Directions for this task: Below are some records. Print exactly the lines between the one holding "Maybelline Lash Sensational" and the one holding "Các bước rút tiền bằng USDT", inclusive, and nothing else.

━━━━━ Data to use ━━━━━

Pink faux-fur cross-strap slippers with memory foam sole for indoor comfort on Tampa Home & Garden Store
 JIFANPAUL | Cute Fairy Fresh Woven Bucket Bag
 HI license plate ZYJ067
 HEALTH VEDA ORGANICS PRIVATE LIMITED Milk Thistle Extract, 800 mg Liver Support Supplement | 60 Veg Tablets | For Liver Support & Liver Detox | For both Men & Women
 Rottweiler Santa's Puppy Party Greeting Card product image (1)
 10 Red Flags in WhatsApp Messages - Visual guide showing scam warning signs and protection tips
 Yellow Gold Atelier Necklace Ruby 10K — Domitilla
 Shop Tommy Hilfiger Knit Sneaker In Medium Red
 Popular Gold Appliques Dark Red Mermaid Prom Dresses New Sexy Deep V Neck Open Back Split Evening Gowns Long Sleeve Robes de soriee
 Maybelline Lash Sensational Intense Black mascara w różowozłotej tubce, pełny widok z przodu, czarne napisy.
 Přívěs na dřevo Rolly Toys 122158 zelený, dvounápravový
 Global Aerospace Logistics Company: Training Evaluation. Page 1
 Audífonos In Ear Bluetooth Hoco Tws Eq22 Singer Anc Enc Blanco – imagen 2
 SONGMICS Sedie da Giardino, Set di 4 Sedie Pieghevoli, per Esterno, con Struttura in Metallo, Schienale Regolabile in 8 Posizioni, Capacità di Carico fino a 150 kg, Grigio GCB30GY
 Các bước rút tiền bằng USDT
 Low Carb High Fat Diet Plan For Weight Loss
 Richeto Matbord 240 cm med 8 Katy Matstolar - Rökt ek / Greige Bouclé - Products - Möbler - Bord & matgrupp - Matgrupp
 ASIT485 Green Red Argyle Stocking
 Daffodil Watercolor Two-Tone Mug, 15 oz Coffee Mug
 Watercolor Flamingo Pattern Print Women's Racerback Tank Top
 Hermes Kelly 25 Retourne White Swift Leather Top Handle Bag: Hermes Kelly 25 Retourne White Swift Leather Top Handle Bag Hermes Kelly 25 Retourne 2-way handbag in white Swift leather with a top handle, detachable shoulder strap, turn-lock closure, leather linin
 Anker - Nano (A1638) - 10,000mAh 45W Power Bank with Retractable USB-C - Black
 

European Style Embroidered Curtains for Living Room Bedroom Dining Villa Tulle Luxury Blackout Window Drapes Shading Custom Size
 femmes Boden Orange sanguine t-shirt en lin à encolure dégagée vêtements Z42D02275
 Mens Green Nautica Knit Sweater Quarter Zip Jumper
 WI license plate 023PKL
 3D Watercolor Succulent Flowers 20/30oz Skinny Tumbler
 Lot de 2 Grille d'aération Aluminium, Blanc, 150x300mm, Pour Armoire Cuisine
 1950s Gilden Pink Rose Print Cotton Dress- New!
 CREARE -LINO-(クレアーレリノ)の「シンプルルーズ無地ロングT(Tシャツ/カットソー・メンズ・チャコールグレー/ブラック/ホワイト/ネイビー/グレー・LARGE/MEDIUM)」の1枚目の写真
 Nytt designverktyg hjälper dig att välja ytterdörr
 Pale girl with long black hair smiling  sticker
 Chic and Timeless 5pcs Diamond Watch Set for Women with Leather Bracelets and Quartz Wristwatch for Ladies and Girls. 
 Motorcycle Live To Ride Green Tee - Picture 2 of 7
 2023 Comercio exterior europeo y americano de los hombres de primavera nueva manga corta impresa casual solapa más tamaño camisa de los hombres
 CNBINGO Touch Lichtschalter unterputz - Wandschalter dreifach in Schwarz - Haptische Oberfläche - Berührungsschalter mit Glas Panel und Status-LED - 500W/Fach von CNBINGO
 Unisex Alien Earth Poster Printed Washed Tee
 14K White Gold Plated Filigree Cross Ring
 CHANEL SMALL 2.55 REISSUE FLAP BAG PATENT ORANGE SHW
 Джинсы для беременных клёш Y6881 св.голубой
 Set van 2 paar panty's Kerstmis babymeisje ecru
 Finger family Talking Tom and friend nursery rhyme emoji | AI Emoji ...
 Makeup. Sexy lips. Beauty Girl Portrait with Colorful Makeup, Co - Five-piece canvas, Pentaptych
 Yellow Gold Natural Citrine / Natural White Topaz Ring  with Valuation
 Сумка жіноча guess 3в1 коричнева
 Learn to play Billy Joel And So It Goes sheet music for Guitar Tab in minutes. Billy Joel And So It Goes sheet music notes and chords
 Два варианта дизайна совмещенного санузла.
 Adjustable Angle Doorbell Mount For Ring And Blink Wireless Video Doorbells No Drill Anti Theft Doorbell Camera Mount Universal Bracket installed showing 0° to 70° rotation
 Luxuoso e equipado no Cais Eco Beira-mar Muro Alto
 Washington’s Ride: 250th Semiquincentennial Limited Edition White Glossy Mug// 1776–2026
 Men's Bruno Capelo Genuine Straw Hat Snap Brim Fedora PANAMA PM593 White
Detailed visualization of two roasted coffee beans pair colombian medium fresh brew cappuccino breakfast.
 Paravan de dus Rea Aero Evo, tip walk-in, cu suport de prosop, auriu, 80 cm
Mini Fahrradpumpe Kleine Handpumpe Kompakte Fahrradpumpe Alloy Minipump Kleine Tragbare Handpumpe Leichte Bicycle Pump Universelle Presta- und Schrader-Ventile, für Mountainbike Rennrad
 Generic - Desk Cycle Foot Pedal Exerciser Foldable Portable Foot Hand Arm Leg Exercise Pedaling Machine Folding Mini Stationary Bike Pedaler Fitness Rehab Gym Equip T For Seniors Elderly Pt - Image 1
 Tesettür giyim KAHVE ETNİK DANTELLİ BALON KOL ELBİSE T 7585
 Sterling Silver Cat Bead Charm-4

━━━━━

Written solution:
 Maybelline Lash Sensational Intense Black mascara w różowozłotej tubce, pełny widok z przodu, czarne napisy.
 Přívěs na dřevo Rolly Toys 122158 zelený, dvounápravový
 Global Aerospace Logistics Company: Training Evaluation. Page 1
 Audífonos In Ear Bluetooth Hoco Tws Eq22 Singer Anc Enc Blanco – imagen 2
 SONGMICS Sedie da Giardino, Set di 4 Sedie Pieghevoli, per Esterno, con Struttura in Metallo, Schienale Regolabile in 8 Posizioni, Capacità di Carico fino a 150 kg, Grigio GCB30GY
 Các bước rút tiền bằng USDT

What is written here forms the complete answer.